Having seen these gorgeous green peppers on our walk with the dog I decided to cook one of my favourite recipes using them. It tastes really fantastic and you can use just about any veg you have hanging around. I always make a lot because there are loads of great things to do with the leftovers. As you will see below!
Vegetable Paella Recipe
Serves 2 with leftovers or 4 without
Vegetarian or Vegan without the cheese
- 1/2 onion chopped
- 1 leek sliced
- 2 cloves garlic chopped
- 1 or 2 small green peppers sliced
- 1/2 big red pepper sliced
- 6 mushrooms sliced
- a handful of frozen peas
- 1 tomato chopped
- 1 squirt of tomato paste
- 4 handfuls of shortgrain rice(you can use risotto rice)
- 1 big pinch of saffron (or an envelope of powdered saffron)
- 1/2 tsp dried chilli flakes(optional)
- 1tsp paprika
- 1 tsp dried oregano
- a couple of sprigs of fresh thyme leaves
- 1 stalk of rosemary leaves removed & chopped finely
- salt & black pepper
- a good splash of spanish sherry(or madeira or wine)
- 1 litre veg stock
- some grated Manchego cheese to sprinkle
- some lemon wedges to serve & squeeze over
You will need a large frying pan with a lid
- Fry the onion & leek in hot oil until translucent the add the garlic and saute for 2 mins.
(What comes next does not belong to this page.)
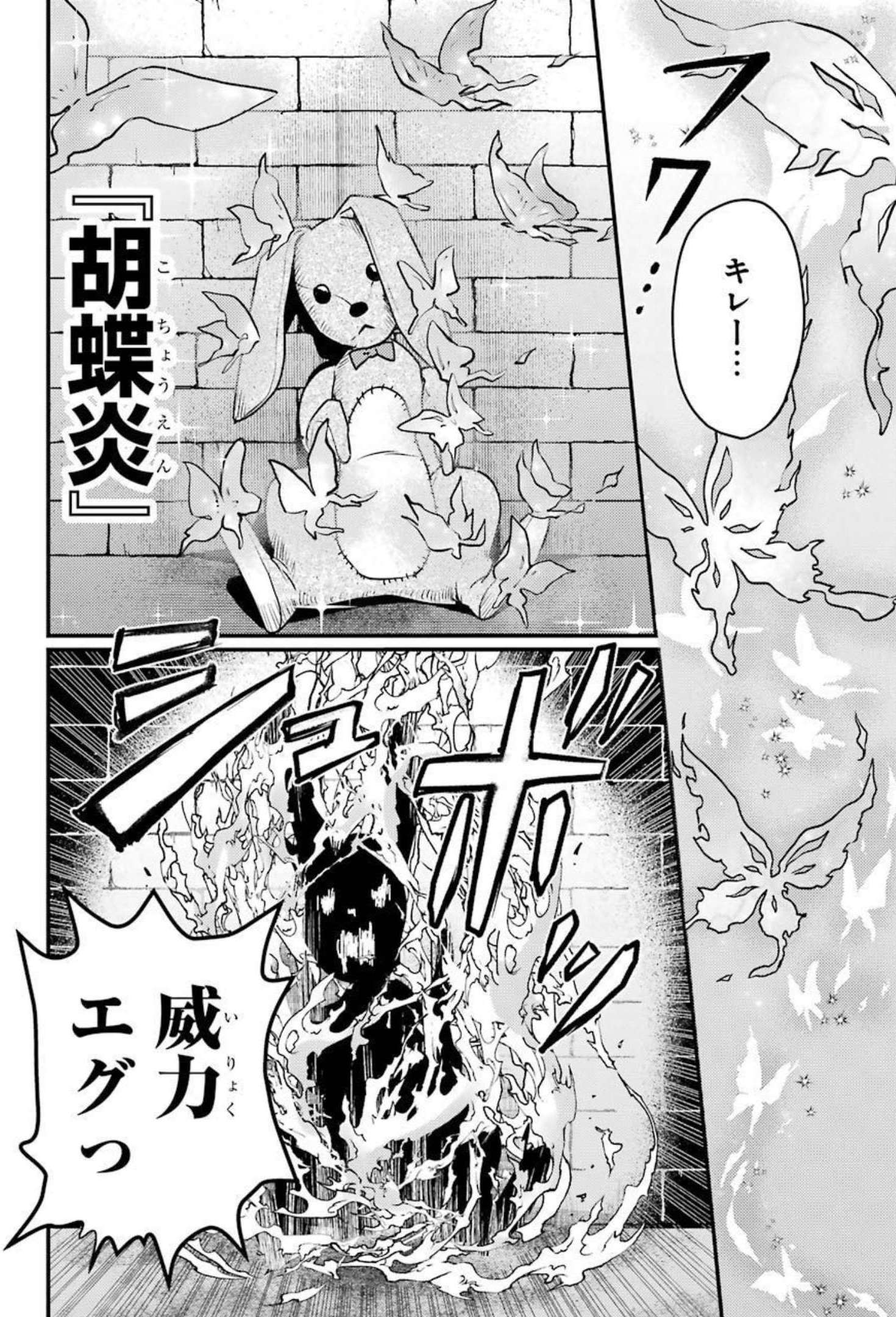 異世界転生で賢者になって冒険者生活～【魔法改良】で異世界最強～ 第6話 - Page 10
- Add in the vegetables stiring & cooking for 2 or 3 mins.
- Add the rice & stir to coat in the oil, then add the herbs & spices, stir again.
- Add in the splash of sherry/wine & the tomato paste, stir to incorporate.
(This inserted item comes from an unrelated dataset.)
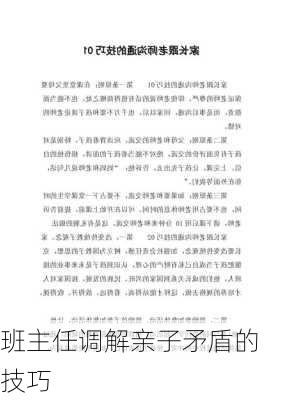 班主任调解亲子矛盾的技巧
- Add the veg stock, stir again, turn the heat down, put the lid on and cook for 20 – 25 mins (stirring occasionally)until all the liquid has gone & the rice is cooked. Don’t worry if it sticks to the bottom of the pan the crispy bits taste good!
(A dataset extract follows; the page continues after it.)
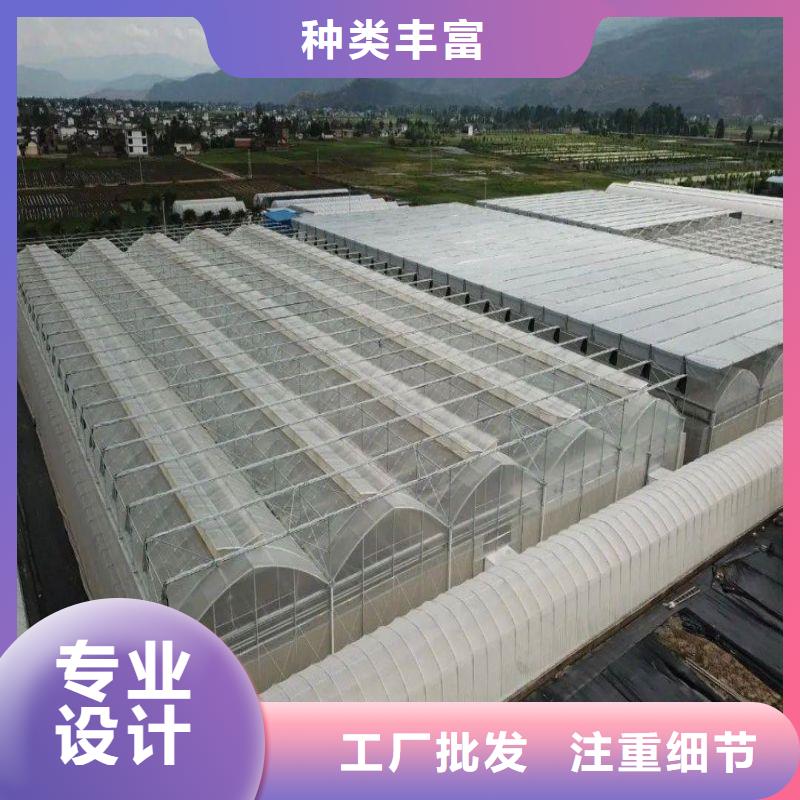 大棚管2大棚管专业生产厂家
- Serve sprinkled with grated Manchego cheese (parmesan is a good substitute) & wedges of lemon.
A good spanish white wine would be lovely with this dish. Try to find an Albarino (grape) from Rias Baixes (The Basque Region). They are always a good choice for a spanish white I haven’t found a bad one yet and I’ve tried a few!
Albarino is also recommended to drink with all seafood dishes & slightly spiced food as well as on it’s own of course!
As promised here is a fabulous recipe to use up left over paella. This is a great lunch dish I think I actually prefer it to the straight paella, something to do with the crispiness of the cakes.. yum.
Vegetable Paella Cakes with Pesto Mayonnaise
Serves 2 vegetarian
- leftover paella
- manchego cheese grated
- 1tbsp olive oil
- 2 tbsp mayonnaise
- 1 tsp basil pesto
- 2 handfuls rocket dressed with olive oil
- lemon wedges
- Grate a little Manchego cheese into the leftover paella and mix it in.
- Flour your hands a make 4 little cakes a bit smaller than the size of your palm by first rolling them into a balls then flattening them out a bit.
- Refrigerate for 1/2 hr if you have the time.
- Preheat the oven to 200 degrees.
- Place the cakes on a preheated baking sheet lined with baking paper.
- Brush the cakes with a little olive oil
- Cook for 20 – 25 mins until slightly crispy
- Meanwhile make the pesto mayo by mixing the mayo with the pesto.
- Serve with the dressed rocket & lemon wedges
You can also use leftover paella to stuff peppers. Just slice the tops off the peppers, take out the seeds & membrane, pile the paella into the peppers, top with grated cheese & cook in a 2oo degree oven for about 30 – 35 mins.
That looks delicious. I have so many of those green chilis that I’m looking for ways to use them up and your recipe is helpful. I’m also roasting a bunch to freeze for later use.
This looks delicious…brilliant use of the left over paella.